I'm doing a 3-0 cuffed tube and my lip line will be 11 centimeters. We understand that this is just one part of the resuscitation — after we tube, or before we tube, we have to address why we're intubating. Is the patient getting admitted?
=-=-=-=-=
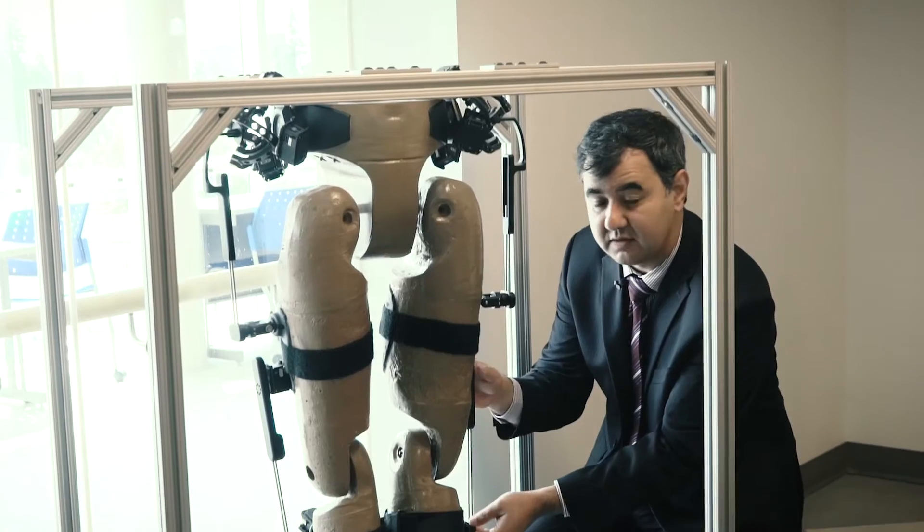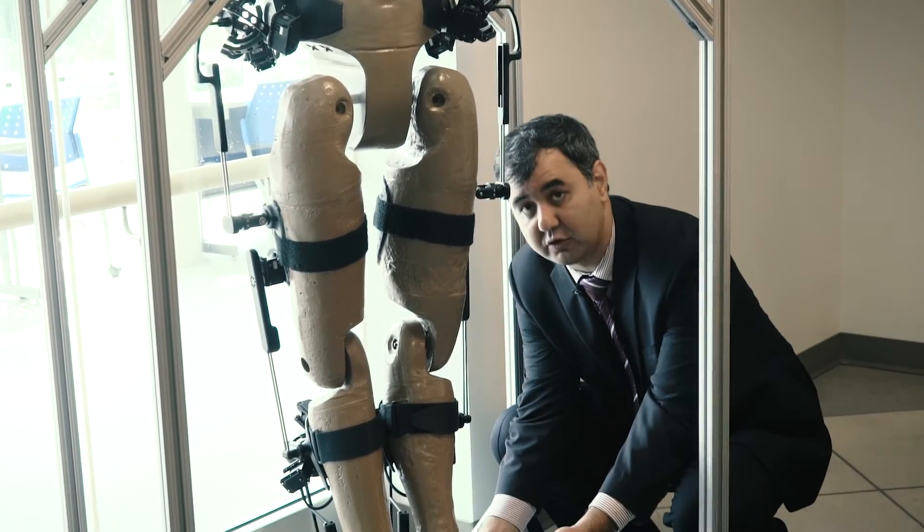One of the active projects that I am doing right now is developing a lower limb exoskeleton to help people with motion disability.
=-=-=-=-=
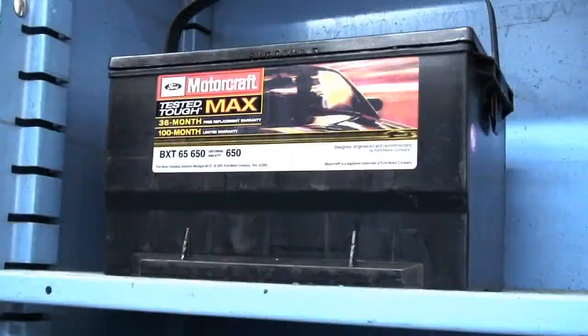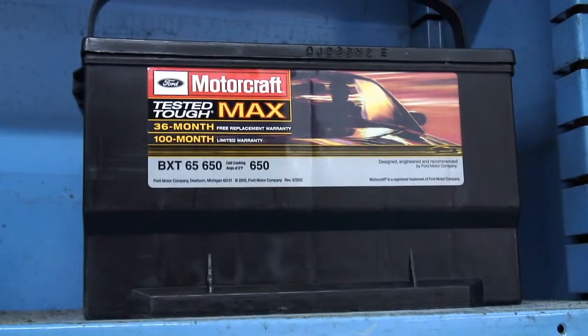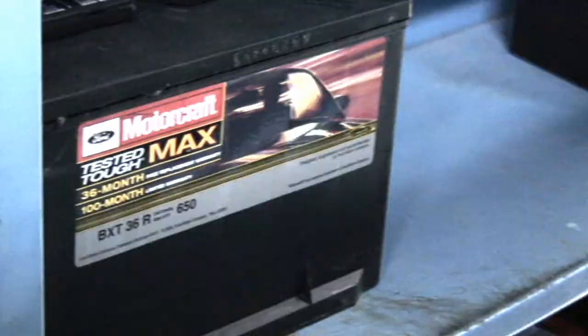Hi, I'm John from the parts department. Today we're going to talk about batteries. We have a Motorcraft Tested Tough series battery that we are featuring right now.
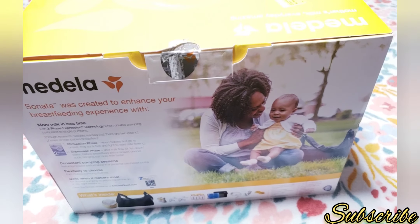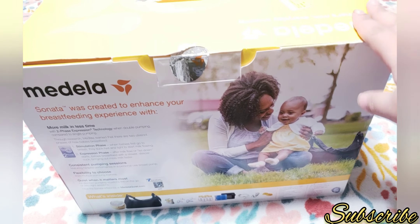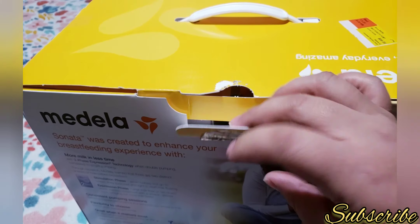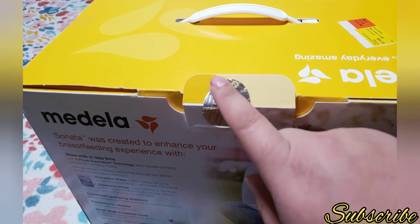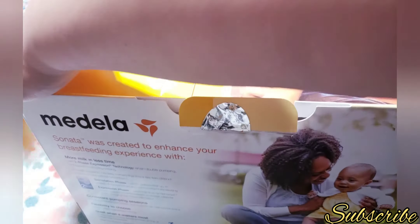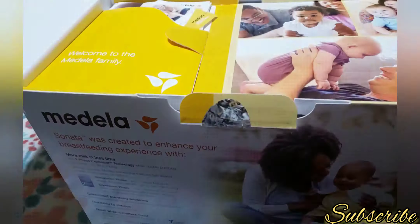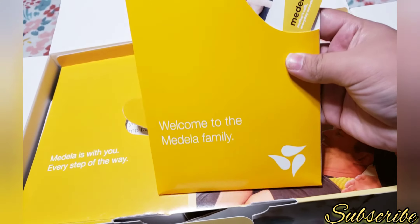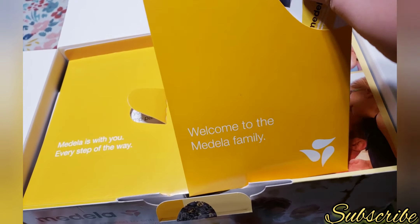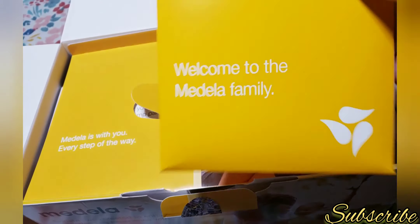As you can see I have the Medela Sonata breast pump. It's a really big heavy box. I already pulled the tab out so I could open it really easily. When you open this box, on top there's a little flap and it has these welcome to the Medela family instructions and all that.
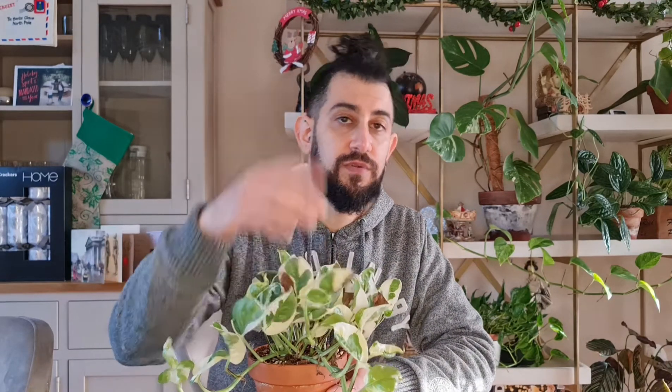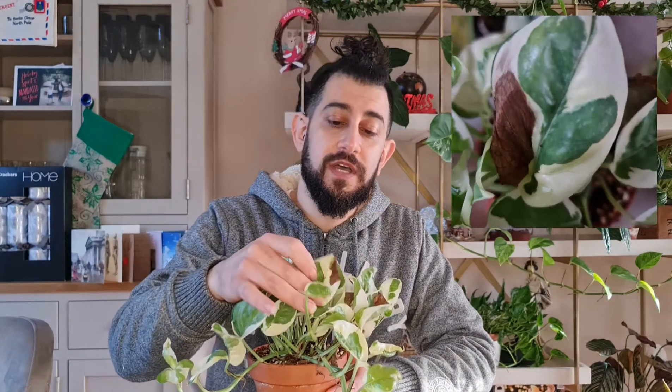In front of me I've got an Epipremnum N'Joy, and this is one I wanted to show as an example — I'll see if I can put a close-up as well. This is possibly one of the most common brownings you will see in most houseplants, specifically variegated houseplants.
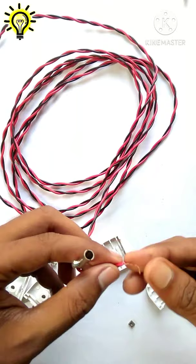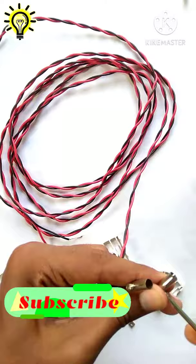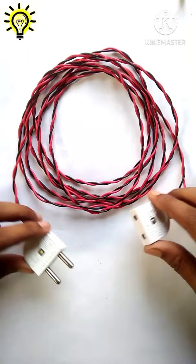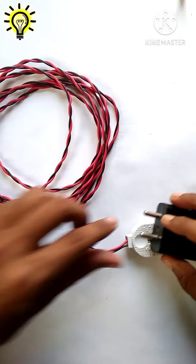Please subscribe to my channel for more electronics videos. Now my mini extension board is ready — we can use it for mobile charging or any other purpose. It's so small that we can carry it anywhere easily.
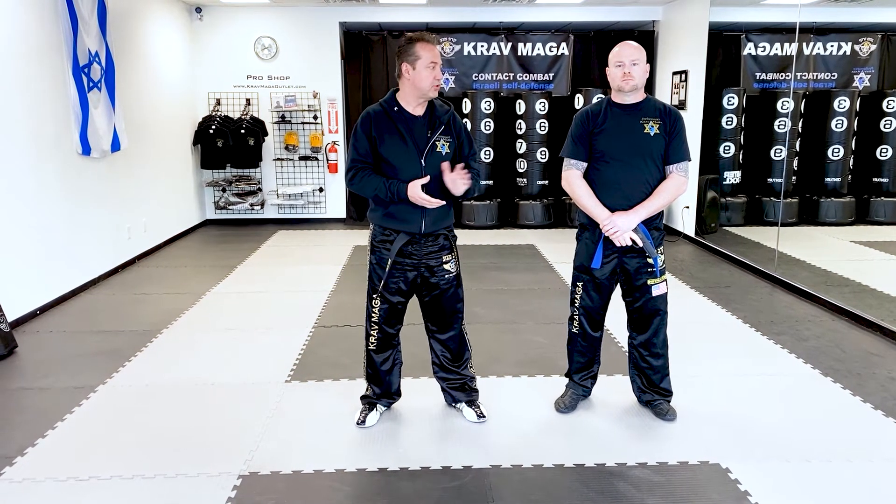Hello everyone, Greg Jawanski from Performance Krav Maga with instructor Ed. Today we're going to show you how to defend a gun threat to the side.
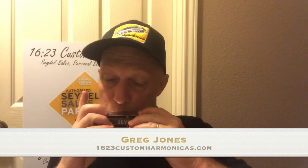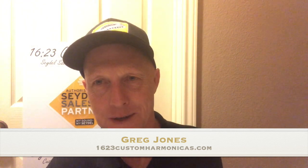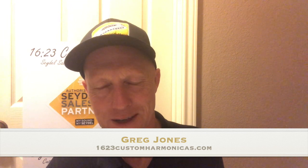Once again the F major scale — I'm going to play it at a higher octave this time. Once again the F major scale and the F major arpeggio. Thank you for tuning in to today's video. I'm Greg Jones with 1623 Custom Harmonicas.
=-=-=-=-=
**WHAT TO DO:**
Give back, exactly and without pictures, the stretch of the records above from the line containing "As you can see" through the line containing "Once again the F major scale —", with both end lines included.

**ANSWER SECTION:**
As you can see I have the Medela Sonata breast pump. It's a really big heavy box. I already pulled the tab out so I could open it really easily. When you open this box, on top there's a little flap and it has these welcome to the Medela family instructions and all that.
In front of me I've got an Epipremnum N'Joy, and this is one I wanted to show as an example — I'll see if I can put a close-up as well. This is possibly one of the most common brownings you will see in most houseplants, specifically variegated houseplants.
Please subscribe to my channel for more electronics videos. Now my mini extension board is ready — we can use it for mobile charging or any other purpose. It's so small that we can carry it anywhere easily.
Hello everyone, Greg Jawanski from Performance Krav Maga with instructor Ed. Today we're going to show you how to defend a gun threat to the side.
Once again the F major scale — I'm going to play it at a higher octave this time. Once again the F major scale and the F major arpeggio. Thank you for tuning in to today's video. I'm Greg Jones with 1623 Custom Harmonicas.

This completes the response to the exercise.